婚姻後1年ほどが過ぎ、濃姫が寝入った頃合いを見て織田信長は寝所を抜け出し暁に戻るという行動を繰り返すようになります。

その事を不審に思い濃姫は織田信長に尋ねました。すると織田信長は「謀反を起こす斎藤家の家老からの連絡を待っている。これは密計である」と答えたのです。

濃姫はこのことをすぐに父・斎藤道三に伝えました。結果、家老の裏切りを疑った斎藤道三は、家老・堀田道空、春日丹後守を殺害したのです。しかし、これは織田信長が張り巡らせた離間策でした。

嫁ぐ際の父への返答、嫁でありながら実家への密告など、濃姫は戦乱に生きるたくましい女性というイメージが垣間見れます。

織田信長の死後

濃姫は、斎藤家菩提寺・常在寺に斎藤道三の肖像を寄進した記録以後、歴史から姿を消しています。
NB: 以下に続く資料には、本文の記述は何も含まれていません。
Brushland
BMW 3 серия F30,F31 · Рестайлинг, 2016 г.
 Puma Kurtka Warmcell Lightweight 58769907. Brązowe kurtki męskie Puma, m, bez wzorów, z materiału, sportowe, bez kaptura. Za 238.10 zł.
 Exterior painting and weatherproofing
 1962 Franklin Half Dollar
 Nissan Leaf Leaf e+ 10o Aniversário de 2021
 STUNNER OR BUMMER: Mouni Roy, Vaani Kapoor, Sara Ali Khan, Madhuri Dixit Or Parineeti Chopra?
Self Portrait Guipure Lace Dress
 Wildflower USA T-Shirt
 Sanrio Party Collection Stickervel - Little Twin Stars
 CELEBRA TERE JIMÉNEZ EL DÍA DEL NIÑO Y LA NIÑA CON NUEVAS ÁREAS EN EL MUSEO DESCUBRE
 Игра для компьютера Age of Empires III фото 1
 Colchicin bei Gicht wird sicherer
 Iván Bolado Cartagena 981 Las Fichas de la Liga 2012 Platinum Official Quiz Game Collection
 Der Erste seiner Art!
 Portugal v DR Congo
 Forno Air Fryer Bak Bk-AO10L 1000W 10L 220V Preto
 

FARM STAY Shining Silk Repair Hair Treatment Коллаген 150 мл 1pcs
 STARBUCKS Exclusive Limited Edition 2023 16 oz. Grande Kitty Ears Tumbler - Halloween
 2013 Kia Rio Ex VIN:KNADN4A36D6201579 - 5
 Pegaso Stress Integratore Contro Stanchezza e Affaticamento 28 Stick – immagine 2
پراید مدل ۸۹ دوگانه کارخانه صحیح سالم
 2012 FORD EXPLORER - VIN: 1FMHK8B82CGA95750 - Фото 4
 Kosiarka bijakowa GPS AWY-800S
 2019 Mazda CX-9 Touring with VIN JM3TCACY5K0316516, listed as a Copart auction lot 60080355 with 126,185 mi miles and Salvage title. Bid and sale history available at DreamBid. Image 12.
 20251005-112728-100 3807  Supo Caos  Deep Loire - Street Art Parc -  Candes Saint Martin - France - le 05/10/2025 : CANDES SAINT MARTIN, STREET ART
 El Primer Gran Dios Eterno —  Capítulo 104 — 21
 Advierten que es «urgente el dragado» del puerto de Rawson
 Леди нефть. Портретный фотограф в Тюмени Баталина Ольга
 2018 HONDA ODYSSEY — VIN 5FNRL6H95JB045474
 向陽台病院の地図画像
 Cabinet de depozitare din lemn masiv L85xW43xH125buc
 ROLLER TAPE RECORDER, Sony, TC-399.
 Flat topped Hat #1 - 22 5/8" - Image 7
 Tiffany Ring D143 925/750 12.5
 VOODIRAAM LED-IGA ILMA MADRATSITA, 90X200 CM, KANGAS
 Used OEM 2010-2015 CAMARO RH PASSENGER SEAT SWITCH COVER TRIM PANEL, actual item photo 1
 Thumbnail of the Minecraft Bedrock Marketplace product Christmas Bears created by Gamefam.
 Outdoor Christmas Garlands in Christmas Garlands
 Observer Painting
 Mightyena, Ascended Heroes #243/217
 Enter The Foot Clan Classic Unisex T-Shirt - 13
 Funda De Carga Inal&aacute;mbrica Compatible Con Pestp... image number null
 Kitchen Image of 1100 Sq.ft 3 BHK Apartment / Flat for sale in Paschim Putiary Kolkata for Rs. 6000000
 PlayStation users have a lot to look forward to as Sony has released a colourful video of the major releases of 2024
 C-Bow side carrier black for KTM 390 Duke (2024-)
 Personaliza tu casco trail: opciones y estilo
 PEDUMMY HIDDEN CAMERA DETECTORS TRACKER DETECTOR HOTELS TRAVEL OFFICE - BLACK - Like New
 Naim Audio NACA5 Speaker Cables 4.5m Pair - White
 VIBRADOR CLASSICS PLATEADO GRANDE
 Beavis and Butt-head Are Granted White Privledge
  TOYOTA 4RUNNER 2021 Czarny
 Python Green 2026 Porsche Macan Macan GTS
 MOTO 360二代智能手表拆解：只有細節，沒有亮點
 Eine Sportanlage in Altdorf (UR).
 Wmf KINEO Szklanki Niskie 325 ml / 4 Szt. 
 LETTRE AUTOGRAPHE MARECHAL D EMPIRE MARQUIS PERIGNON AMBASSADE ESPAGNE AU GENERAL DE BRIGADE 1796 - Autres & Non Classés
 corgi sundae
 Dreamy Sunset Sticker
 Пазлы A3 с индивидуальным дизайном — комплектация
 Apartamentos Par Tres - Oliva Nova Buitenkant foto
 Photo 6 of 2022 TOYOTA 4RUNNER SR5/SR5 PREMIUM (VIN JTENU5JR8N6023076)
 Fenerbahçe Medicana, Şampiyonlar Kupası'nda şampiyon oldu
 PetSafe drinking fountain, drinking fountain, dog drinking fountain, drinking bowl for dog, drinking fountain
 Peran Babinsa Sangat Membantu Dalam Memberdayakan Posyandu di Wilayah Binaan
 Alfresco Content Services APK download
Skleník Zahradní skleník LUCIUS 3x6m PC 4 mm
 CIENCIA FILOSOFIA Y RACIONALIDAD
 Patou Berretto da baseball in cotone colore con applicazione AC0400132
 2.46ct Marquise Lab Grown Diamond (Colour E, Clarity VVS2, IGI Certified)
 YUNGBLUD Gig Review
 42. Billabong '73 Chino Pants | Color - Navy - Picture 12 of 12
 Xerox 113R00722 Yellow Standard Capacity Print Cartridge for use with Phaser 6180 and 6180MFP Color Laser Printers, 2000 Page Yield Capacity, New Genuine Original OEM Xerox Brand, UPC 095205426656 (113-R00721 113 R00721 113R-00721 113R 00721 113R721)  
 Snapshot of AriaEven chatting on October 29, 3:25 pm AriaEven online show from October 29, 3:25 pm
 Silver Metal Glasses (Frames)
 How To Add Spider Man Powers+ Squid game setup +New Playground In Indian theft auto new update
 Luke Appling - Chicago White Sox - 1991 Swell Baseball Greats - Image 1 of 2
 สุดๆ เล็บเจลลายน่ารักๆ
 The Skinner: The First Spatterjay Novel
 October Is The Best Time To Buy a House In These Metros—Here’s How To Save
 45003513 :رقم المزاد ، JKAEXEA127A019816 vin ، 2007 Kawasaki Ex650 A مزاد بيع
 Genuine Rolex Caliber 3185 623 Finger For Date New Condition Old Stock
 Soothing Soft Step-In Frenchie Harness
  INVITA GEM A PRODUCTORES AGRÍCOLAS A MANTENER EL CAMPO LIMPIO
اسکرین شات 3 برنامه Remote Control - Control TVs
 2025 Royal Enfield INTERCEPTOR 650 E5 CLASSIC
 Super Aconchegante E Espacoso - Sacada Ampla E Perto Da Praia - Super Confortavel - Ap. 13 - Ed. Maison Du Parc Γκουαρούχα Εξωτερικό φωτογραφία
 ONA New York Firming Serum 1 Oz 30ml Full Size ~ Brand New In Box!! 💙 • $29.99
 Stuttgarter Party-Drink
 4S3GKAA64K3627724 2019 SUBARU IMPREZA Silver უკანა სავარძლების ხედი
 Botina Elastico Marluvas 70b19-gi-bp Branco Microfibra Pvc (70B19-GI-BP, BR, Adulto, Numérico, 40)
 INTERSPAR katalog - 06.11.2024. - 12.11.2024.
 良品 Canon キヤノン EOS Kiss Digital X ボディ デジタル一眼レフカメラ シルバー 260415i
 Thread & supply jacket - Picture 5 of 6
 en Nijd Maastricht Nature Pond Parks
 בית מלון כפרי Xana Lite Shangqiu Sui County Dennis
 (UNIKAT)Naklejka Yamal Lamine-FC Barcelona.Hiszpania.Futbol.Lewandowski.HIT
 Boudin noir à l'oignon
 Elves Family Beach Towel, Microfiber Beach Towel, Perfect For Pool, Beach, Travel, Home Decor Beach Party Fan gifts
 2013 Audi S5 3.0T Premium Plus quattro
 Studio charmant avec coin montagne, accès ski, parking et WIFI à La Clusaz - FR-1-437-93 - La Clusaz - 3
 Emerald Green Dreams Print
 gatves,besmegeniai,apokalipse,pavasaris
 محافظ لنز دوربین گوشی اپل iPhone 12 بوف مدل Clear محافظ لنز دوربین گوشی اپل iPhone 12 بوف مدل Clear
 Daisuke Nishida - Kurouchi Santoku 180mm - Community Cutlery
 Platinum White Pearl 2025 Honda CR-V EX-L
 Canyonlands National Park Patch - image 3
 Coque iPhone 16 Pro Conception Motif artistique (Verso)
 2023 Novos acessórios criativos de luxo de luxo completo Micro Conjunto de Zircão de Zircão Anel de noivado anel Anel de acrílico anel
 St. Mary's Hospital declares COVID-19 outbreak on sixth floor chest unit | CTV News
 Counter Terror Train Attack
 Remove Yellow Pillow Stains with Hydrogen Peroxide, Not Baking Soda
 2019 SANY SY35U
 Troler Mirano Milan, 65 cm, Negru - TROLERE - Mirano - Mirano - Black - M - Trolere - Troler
濃姫の最後で解説しますが、織田信長が本能寺の変で亡くなった時に同時に亡くなったとされる説や、長生きして天寿を全うした説などいくつかの説がありますが、歴史上は織田信長の死亡以後の足取りは謎のままなのです。

 

濃姫の最後

濃姫の最後にはいくつかの説が存在しますが、その中から有力な説を二つほど紹介します。

 

①織田信長と共に本能寺の変で長刀を振るい戦って共に死んだとされる説

岐阜県岐阜市不動町にある「濃姫遺髪塚」の説明板に、本能寺の変の折、織田信長公と共に討死、家臣の1人が遺髪を持ってこの地へ逃れ来て埋葬したものと記載されています。

 

②織田信長の死後、「安土殿」と称され天寿を全うしたとされる説

徳川家の大名として織田家を存続させた織田信長の二男・織田信雄(おだのぶかつ)の知行目録である「織田信雄分限帳」に「安土殿」という名があり、この「安土殿」こそが濃姫だとされています。

また、安土・総見寺に所蔵されている織田家過去帳「泰巌相公縁会名簿」に「養華院殿要津妙玄大姉 慶長十七年壬子七月九日 信長公御台」と記載されていて「御台」となっている事から濃姫だと推測されています。